How Bad is Bitcoin Mining for the Environment? New Research Suggests Not So Bad
Bitcoin mining emissions were on par with Estonia, suggesting that the climate change impact of the first digital asset is less than previously reported. Furthermore, the research seems to suggest that where Bitcoin is mined contributes to how much carbon Bitcoin emits. With so much of the mining being done in China, one might wonder if that country’s infrastructure is more to blame than Bitcoin.
Past research demonstrated that emissions from mining bitcoin could be as high as 63 megatonnes of CO2 per year. Reports surfaced suggesting Bitcoin mining put out as much carbon as some Scandinavian countries. But, Susanne Köhler and Massimo Pizzol at Aalborg University in Denmark suggested previous researchers had built misguided axioms into their studies. Poor assumptions about carbon emissions from electricity generation across China, in part, led to the doomsday conclusions about bitcoin mining.

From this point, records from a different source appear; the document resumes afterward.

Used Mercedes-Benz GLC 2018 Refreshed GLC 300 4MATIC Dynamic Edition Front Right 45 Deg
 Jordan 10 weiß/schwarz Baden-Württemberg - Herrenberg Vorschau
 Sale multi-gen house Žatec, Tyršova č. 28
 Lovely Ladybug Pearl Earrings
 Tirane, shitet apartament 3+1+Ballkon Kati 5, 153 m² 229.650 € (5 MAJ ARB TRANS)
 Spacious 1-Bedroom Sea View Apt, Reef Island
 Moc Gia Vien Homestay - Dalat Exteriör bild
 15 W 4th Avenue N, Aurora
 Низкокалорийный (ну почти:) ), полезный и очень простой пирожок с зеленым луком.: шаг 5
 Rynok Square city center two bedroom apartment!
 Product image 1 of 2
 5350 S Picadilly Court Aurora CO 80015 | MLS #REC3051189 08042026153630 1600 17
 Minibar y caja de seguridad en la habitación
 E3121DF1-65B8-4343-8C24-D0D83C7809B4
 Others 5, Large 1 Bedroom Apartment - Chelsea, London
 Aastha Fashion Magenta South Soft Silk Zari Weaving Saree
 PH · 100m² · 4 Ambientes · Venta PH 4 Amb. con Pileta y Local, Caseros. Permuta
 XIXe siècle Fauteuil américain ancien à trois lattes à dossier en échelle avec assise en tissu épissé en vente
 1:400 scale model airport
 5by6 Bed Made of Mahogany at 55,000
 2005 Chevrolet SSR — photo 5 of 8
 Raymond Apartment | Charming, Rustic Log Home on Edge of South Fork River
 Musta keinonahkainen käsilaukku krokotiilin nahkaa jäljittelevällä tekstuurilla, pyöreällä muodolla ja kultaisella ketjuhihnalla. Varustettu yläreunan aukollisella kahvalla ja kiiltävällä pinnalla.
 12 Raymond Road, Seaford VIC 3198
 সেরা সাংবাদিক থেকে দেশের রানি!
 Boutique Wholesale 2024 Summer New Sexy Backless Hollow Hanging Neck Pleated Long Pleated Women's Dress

Köhler and Pizzol instead broke emissions down within China to take into consideration regional levels of CO2 produced, as reported by *The New Scientist*. They came up with a lower carbon footprint for Bitcoin: 17.29 megatonnes of CO2 in 2018. The new numbers result from facts such as coal-heavy Inner Mongolia accounts for 12.3 percent of bitcoin mining, resulting in more than a quarter of the total emissions.
“On the one hand we have these alarmist voices saying we won’t hit the Paris agreement because of bitcoin only,” said Köhler. “But on the other hand there are a lot of voices from the bitcoin community saying that most of the mining is done with green energy and that it’s not high impact.”
Köhler and Pizzol say the affect of Bitcoin mining on the environment won’t truly be known until more accurate data on where it takes place is available.